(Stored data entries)
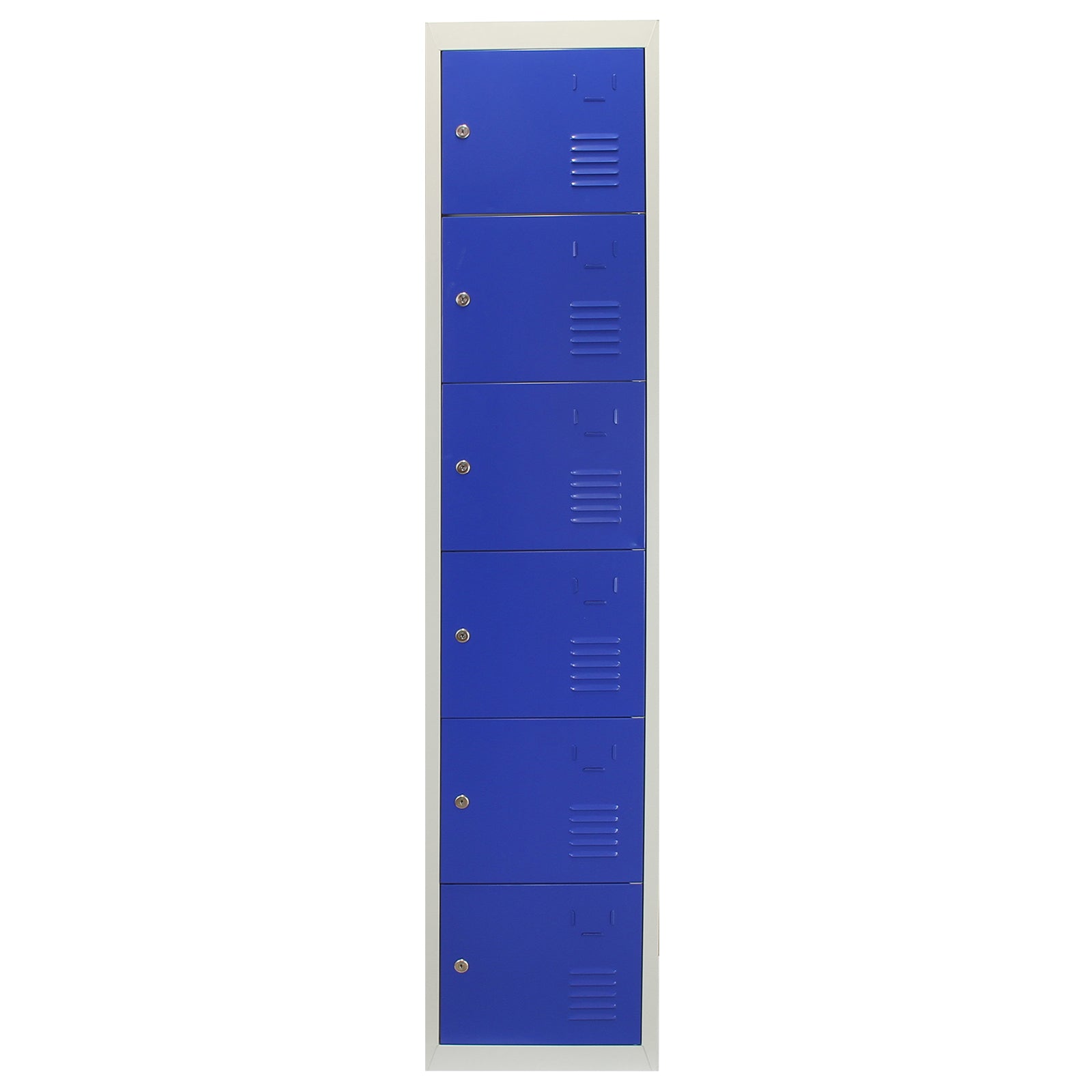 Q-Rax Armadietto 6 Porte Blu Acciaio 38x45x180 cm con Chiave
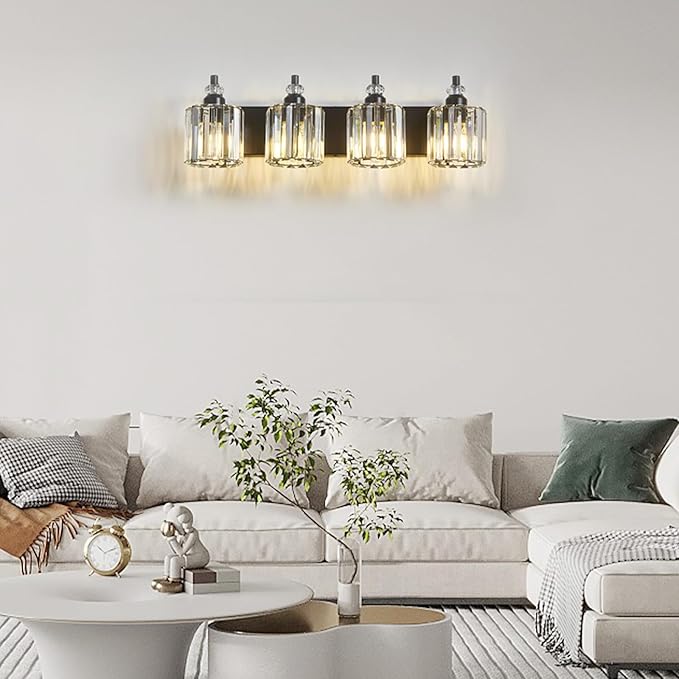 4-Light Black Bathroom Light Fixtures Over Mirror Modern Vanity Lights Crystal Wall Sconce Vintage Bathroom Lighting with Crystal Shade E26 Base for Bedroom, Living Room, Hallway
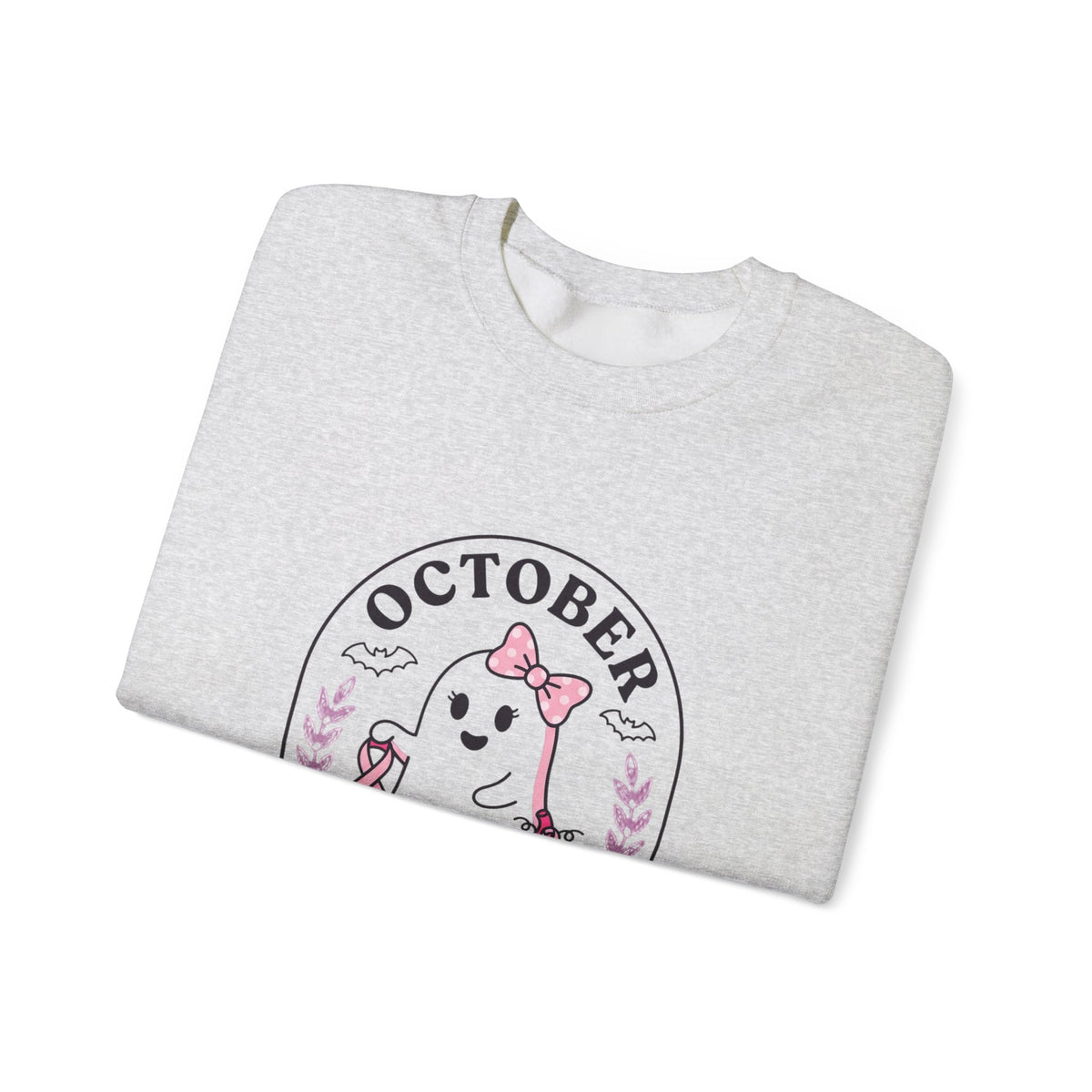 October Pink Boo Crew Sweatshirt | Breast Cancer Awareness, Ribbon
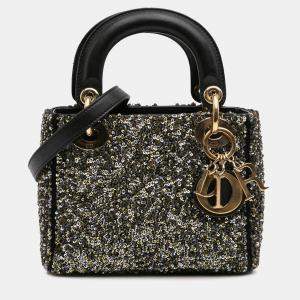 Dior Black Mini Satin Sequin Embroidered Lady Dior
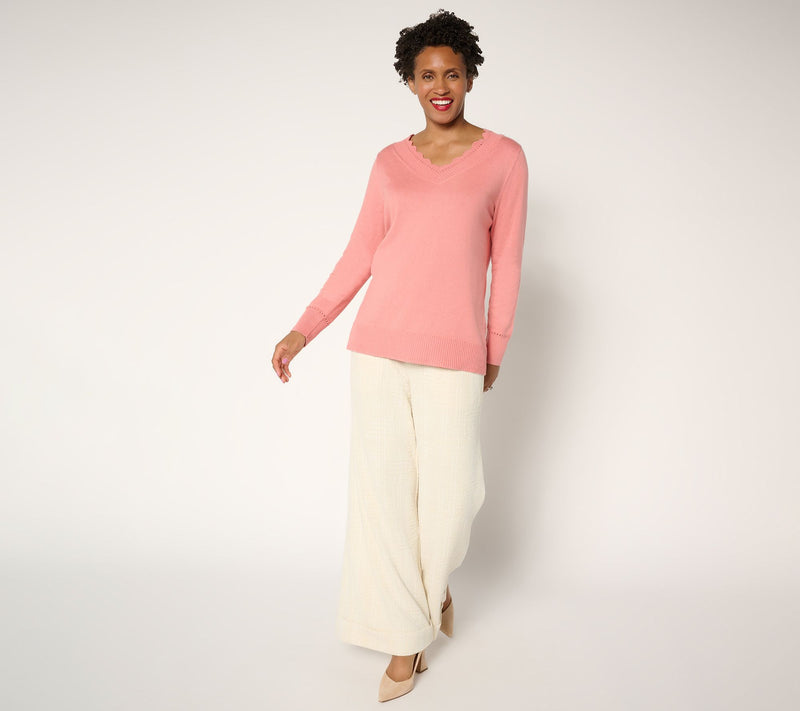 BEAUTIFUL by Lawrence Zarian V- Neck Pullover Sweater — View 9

* _TASK ITEM_: Pictures are to be left out when the lines from the one containing "Dior Black Mini" through the end of the records above are repeated exactly; no other line is wanted.

* _SOLUTION TO THE PROBLEM_:
 Dior Black Mini Satin Sequin Embroidered Lady Dior
 BEAUTIFUL by Lawrence Zarian V- Neck Pullover Sweater — View 9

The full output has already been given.